The kids next learned how to build their mini gardens. This was a sight to behold because the kids were so enthusiastic to learn and to build them. The lesson also included Energized! (a game where kids tagged each other pretending that their hands were germs as a way to learn how fast they can be spread), seeing the existing school garden, and much more.
The school garden, revitalized by an ongoing UC Cooperative Extension 4-H project called Nutrition to Grow On (Energized!), revealed to the kids the potential they have to cultivating a thriving garden.
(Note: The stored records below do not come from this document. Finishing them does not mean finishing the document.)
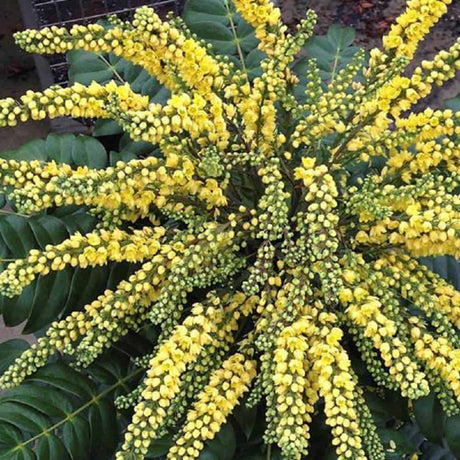 Mahonia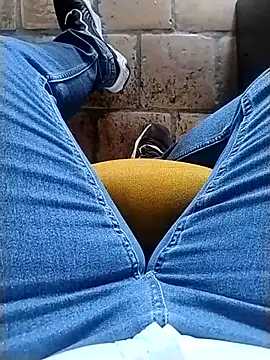 Show webcam de Priv69ley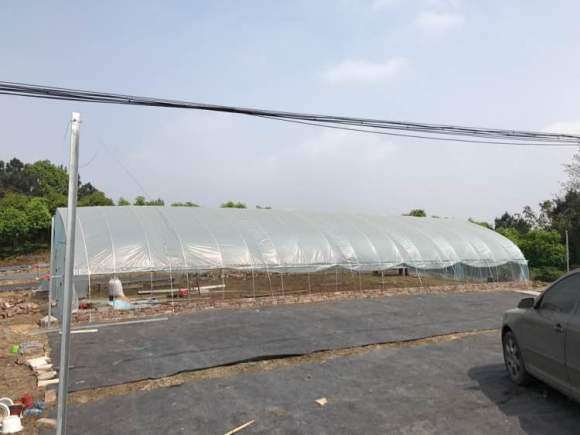 我在宜宾搭建多肉大棚的过程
Lorena, one of the organizers, emphasizes that the goal of this program is to teach kids about where their food comes from because “most of the kids don't know [this] and don't have access to healthy foods.” With this knowledge and with the experience of “cooking” the foods, she believes that they will more likely try foods they haven't eaten before.
By the end of the lesson, the kids enjoyed making their gardens and were eager for their plants to grow in their mini gardens. They appreciated that a garden can grow and that they can harvest foods unseen to them before.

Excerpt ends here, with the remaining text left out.